What I mean by this is that people don’t want to be lectured on why they should vote. They’re going to be much more compelled to do it, if everybody’s doing it. So share your experience, behind-the-scenes style. Share on social media if you’re registering to vote again because you moved in the last year, like I have. Share the resources you’ve found most helpful when doing a bit of candidate research before you cast your ballot. Show yourself early voting if you live in one of the 37 states where that’s an option.

The idea here is to invite people into the process. Research has shown that people are more compelled to vote when compared to their own neighbor’s voting records. So give your friends some FOMO – the fear of missing out! If you’re actively showing your election preparation and participation, you might inspire others to take action, too.

Step 2: Share Concise Candidate Info

Honestly, I believe the biggest reason people don’t vote in midterms is because unlike Presidential elections, we don’t really have a sense of who we’re voting for. Governor’s races and Congressional candidates just don’t break through into mainstream culture as much as Presidential elections do, so there’s a little more legwork required to stay informed.

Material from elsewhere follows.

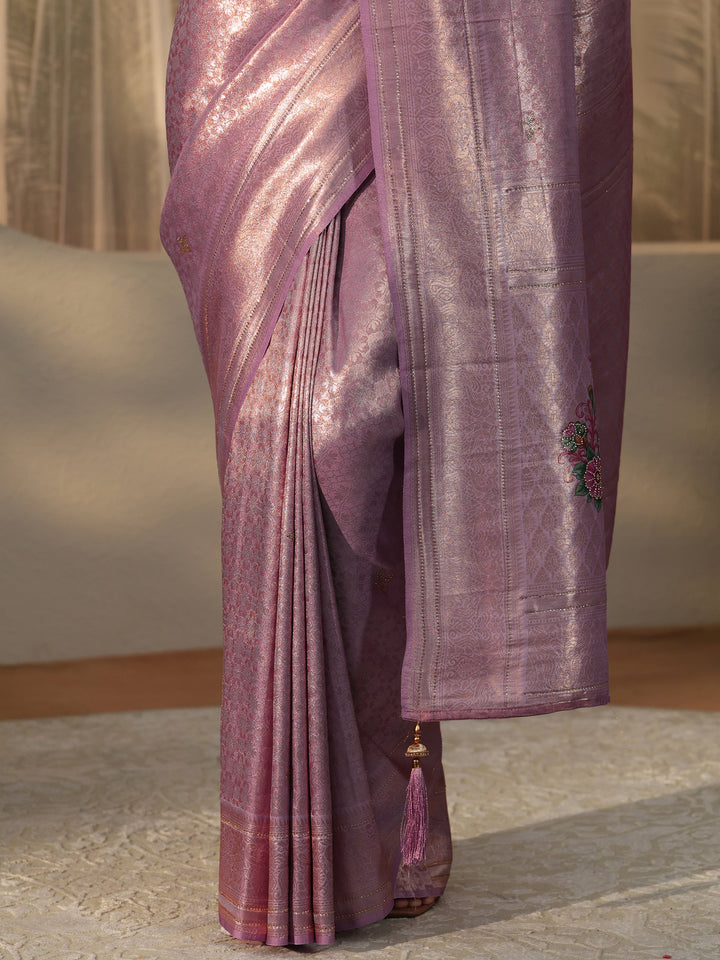 Libas Lavender Floral Silk Blend Saree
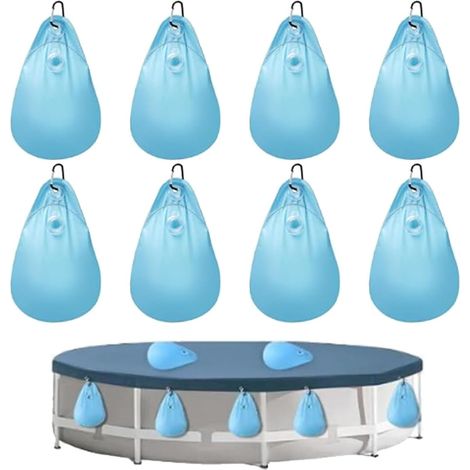 Sacs d'eau Lourds pour Couverture de Piscine, 8 Pièces Poids Piscine avec Crochets, Bache Hors Sol Antigel en Hiver（25x14cm, Bleu） - (1/5)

Take the guesswork out of it, by sharing concise candidate run-downs with your friends – like, now. It’s never too early to start talking about candidate comparisons and ballot initiatives with your friends, and frankly we don’t have that much time left in this election cycle.

Share concise resources from trusted sources like your local NPR station or nonpartisan sources like, which is run by the League of Women Voters Education Fund, 501(c)3 nonprofit organization.

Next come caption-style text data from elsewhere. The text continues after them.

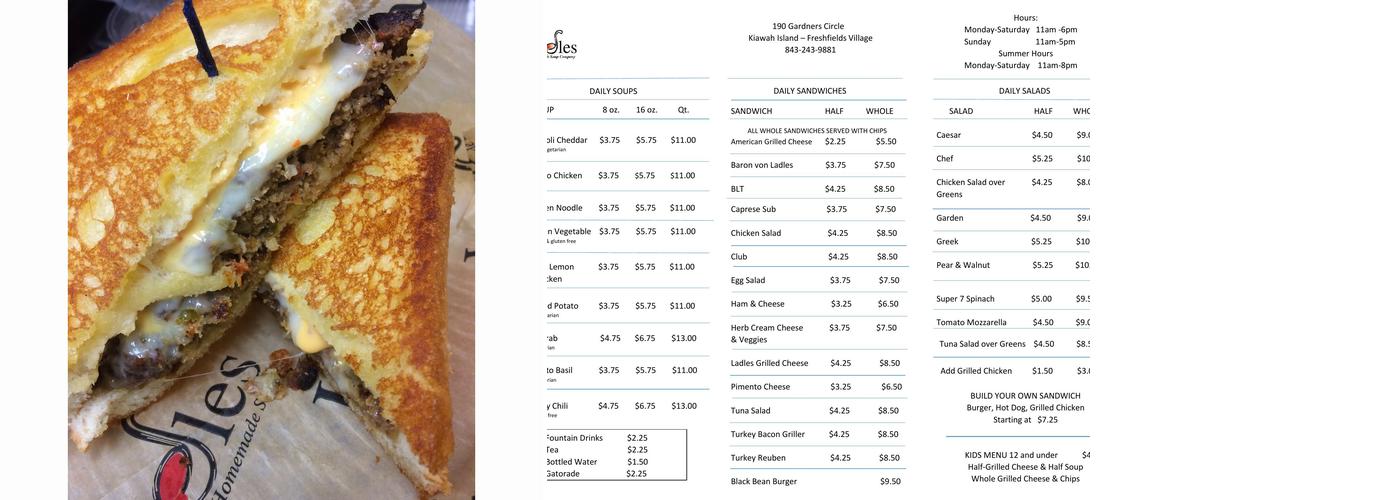 Ladles Soups Downtown Menu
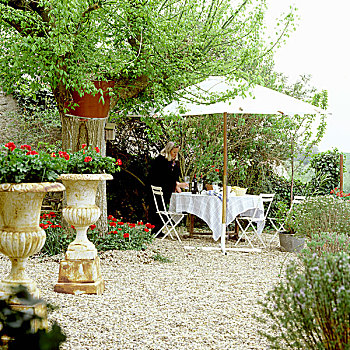 下午茶,花园,桌面布置,仰视,伞
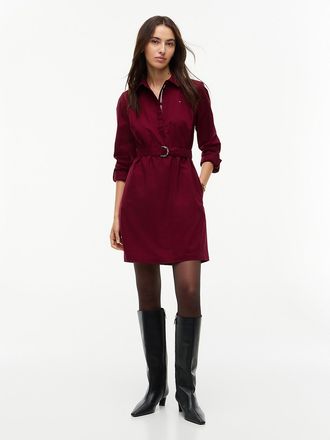 Tommy Hilfiger Womens Belted Oxford Shirtdress - Burgundy - XXL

Talk about the candidates and ask your friends about where they stand. People want to be heard and want their perspectives to be respected, even when there’s disagreement. Sometimes the most persuasive thing you can share is your reasoning and your values behind your voting decisions.

Step 3: Make a Plan

One of the other biggest reasons people don’t make it out during midterms is that we fail to plan to vote. Research shows that asking people about their specific voting plan – when, where, and how they plan to cast their ballot – increases their likelihood of voting, whereas simply encouraging them to vote does not.

So ask your friends – when are you going to cast your ballot? Do you want to go together? How are you going to get there? (Hint: Uber and Lyft are offering free and discounted rides to the polls this year).

It might seem a little invasive, but what you’re actually doing is forcing them to consider their plans. If not asked, they might otherwise forget about a conflict that could keep them from getting to the polls that day.

Election Day decisions are made by who shows up

So let’s all do our part not only to vote, but to substantively support our friends, peers, and neighbors in doing the same this year. It’s up to us to step up, or give up all our power to the grandparents in our world.